Someone in the world of voice acting who doesn’t get the same recognition as people like Mel Blanc, June Foray, Bill Thompson or Stan Freberg but who you will definitely recognize, especially if you grew up watching Golden Age WB and MGM cartoons, is Sara Berner.
Berner was born in Albany, New York in 1912 before moving to Tulsa, Oklahoma as a teenager. She found her passion to perform after watching vaudeville shows and silent films, studying drama at the University of Tulsa for two years and even getting the opportunity to perform on stage at a young age when she was cast in the popular Anne Nichols comedy Abie’s Irish Rose.
After moving to Philadelphia and attempting to work a normal job at a department store (she got fired for mimicking the voice of a customer), she got the opportunity to host her own local radio program. This must have given her some confidence because after that she moved back to New York to pursue a career in show business.
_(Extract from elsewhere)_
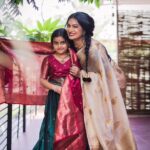 Shwetha Srivatsav Instagram - ಈ ನಾಗರ ಪಂಚಮಿ ನಿಮ್ಮ ಬದುಲಿನಲ್ಲಿ ಸಂತೋಷದ ಬಂಡಾರವನ್ನೇ ಹೊತ್ತು ತರಲಿ ಮನೆಯಲ್ಲಿ ನೆಮ್ಮದಿ ನೆಲೆಸಲಿ, ಸಂಪತ್ತು ವೃದ್ಧಿಸಲಿ, ಶಿವ ಕೃಪೆ ಸದಾ ನಿಮ್ಮ ಮೇಲಿರಲಿ ನಾಗರ ಪಂಚಮಿ ಹಬ್ಬದ ಶುಭಾಶಯಗಳು!! Beautiful clicks by : @sunithanadigphotography 🤗 Beautiful makeover by : @makeuphair_by_vinya 🤗 #saree #traditional #ashmithasrivatsav #daughter #motherdaughter #festival #southindian #actor #filmactor #mother #traditionalphotography #instagram #instagood #festivalsofindia #halfsaree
Maybe that radio work looked good on her resumé but she got hired pretty quickly after auditioning for Major Edward Bowes to be a part of his amateur hour, performing in an all-girl vaudeville act beginning in 1937. One of the stage personas she created was actually based on her department store experience when she played a saleslady who did impressions of celebrities like Katharine Hepburn and Mae West (luckily show business paid a lot more than work at a Philly department store).

After her four-year tour with Bowes, Berner returned to radio where she scored recurring roles on popular shows like Fibber McGee & Molly, The George Burns and Gracie Allen Show and The Jack Benny Program, the latter featuring Berner in a regular role as Jack Benny’s girlfriend Gladys as well as Mabel Flapsaddle the gossipy telephone operator opposite Bea Benaderet’s Gertrude Gearshift.
These voice roles in radio were where many Americans first discovered Sara Berner, and that included Hollywood’s animators who initially used her voice in cartoons when they needed to imitate celebrities in such films as Disney’s Mother Goose Goes Hollywood (1938), Walter Lantz’s Hollywood Bowl (1938) and WB’s Hollywood Steps Out (1941).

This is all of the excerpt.